Mohammad Derakhshan1

ABSTRACT

Apoptosis or programmed cell death that is genetically regulated is a process for killing cells. It is essential for the normal function of organisms and therefore variety of diseases including autoimmunity and cancer result from any defect in this physiological process. Two pathways are responsible for signalling apoptosis: intrinsic or mitochondrial pathway and extrinsic or death receptor pathway. As a final result of this process, cell destruction activated by a family of cysteine proteases (caspases) takes place. This article summarizes current knowledge of apoptosis.

Key words: Apoptosis, Caspases, Mitochondria.

Pak J Med Sci    October - December 2007 (Part-II)    Vol. 23 No. 6    979-982


1. Mohammad Derakhshan, MD. PhD,
Associate Professor of Virology,
Department of Virology and Buali Research Institute,
Mashhad University of Medical Sciences (MUMS),
Mashhad – Iran.

Correspondence

Mohammad Derakhshan, MD. PhD
Email: derakhsham@mums.ac.ir
m.derakhshanmd@yahoo.com

* Received for Publication: February 20, 2007
* Revision Received: February 27, 2007
* Revision Accepted: October 16, 2007


INTRODUCTION

Apoptosis was first described by the Australian pathologist; John Kerr in 1965. He recognized a distinct form of cell death and named it "shrinkage necrosis". In 1972 the term apoptosis was introduced by John Kerr, Alastair Currie and Andrew Wyllie for what was now recognized as a morphologically typical, dynamically controlled form of cell death.1 The term apoptosis was suggested by James Cormac, professor of classical Greek at the University of Aberdeen and is derived from the Greek meaning "dropping off" and so signifies the dropping of leaves from the tree.2 Apoptosis or programmed cell suicide is a genetically regulated, active process that eliminates cells in both physiological and pathological processes. It is characterized by profound and distinct changes in cellular architecture leading to self destruction.3,4 It is a normal physiological response to specific suicide signals, or lack of survival signals. It has an essential role in shaping tissues during development, endocrine dependent atrophy and normal cell turnover in many tissues.5 It also limits the accumulation of harmful cells, such as self-reactive lymphocytes, virus-infected cells and tumour cells.6

Significant progress has been made in defining the mechanisms of apoptotic control underlying the pathophysiology of viral infections, autoimmune diseases, neurodegenerative disorders, immunologic deficiencies, and cancers. In fact apoptosis itself plays a key role in the development of the immune system, controlling the immune response; deleting immune cells recognizing self-antigens, and cytotoxic killing.

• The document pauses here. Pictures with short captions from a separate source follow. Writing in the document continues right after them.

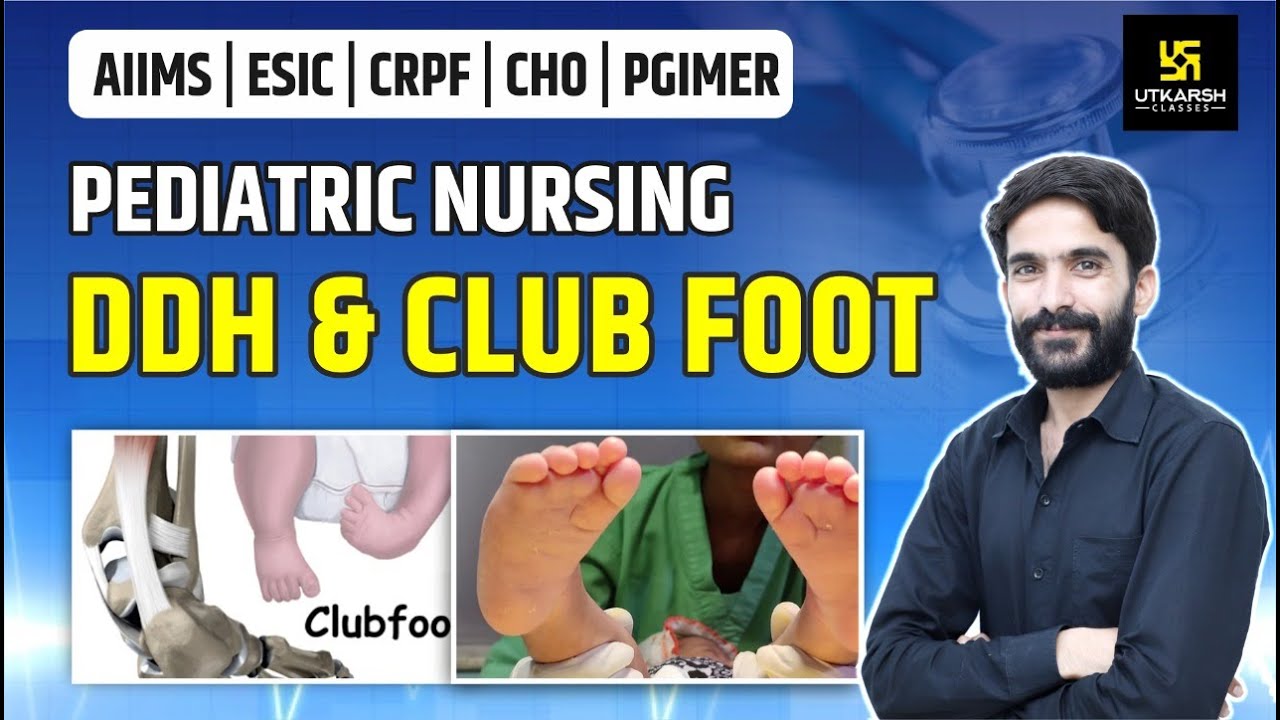 DDH and Club Foot | Pediatric Nursing | AIIMS | ESIC | CRPF | PGIMER | By Raju Sir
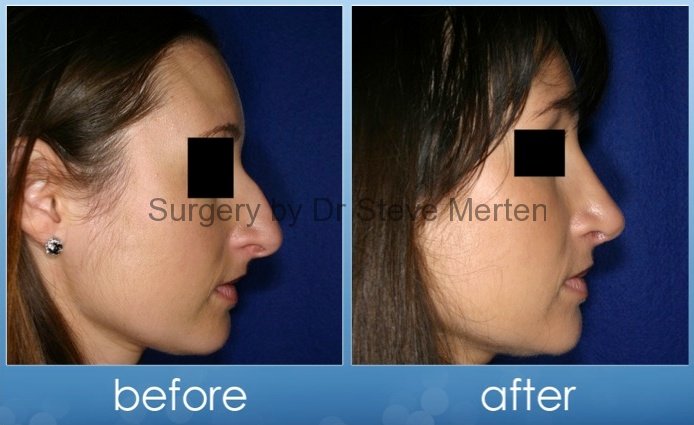 Average Cost Of Nose Job In Australia Job Retro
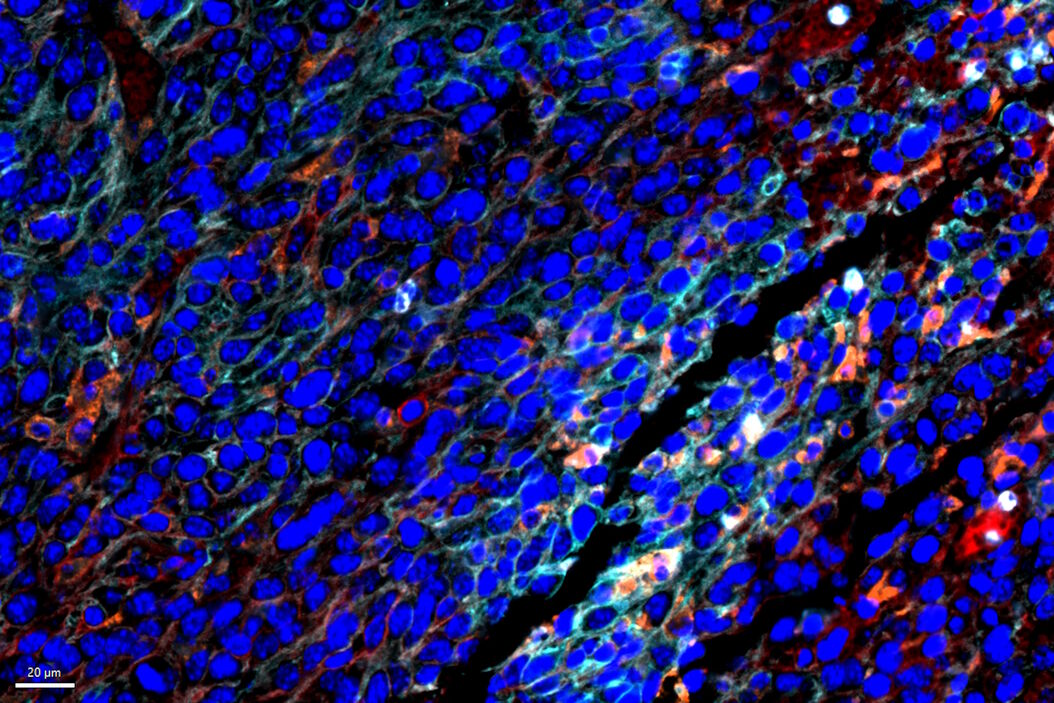 Clustering based analysis reveals various immune cell populations enriched in tumor cells within CT26.WT syngeneic mouse tumor models.  Immune_cells_in_tumor_cells_within_CT26WT_syngeneic_mouse_tumor_models.jpg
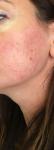 Сыпь и прыщи на щеках 7 месяцев не проходят фото 1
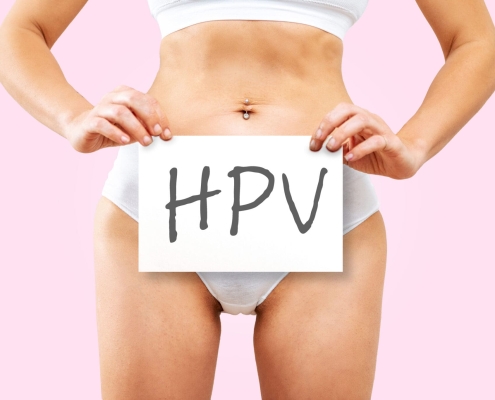 زگیل تناسلی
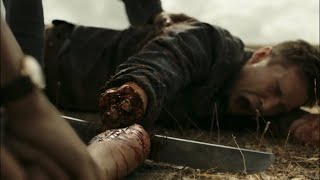 Fear The Walking Dead S03E12  Amputating Jake’s Arm [upl. by Terri]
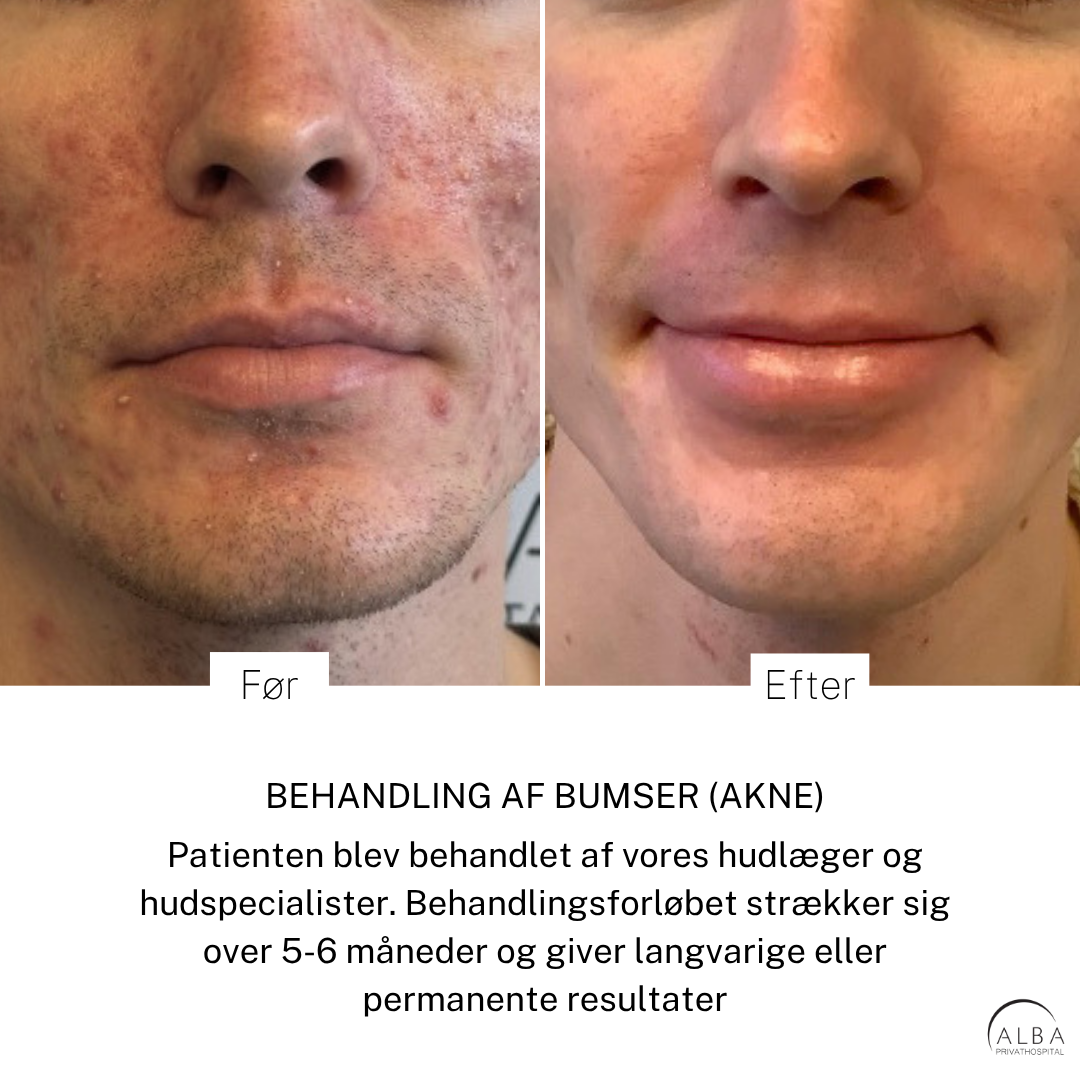 Behandling af bumser Før og efter - ALBA Privathospital.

Defects in the regulation of apoptosis in the immune system may lead to autoimmune disease.7 In many virus-infected cells, virus replication will kill the cell, releasing virus particles. Since the cell is doomed anyway, it is in the host’s interest to destroy the infected cell sooner rather than later and thus prevent or minimize virus replication. In an immune individual this may be accomplished by the active immune response generating cytotoxic T cells or antibody dependent cell killing. However, apoptosis may be seen as an innate equivalent of this process that may well have predated the development of the more active immunological mechanisms in evolutionary terms.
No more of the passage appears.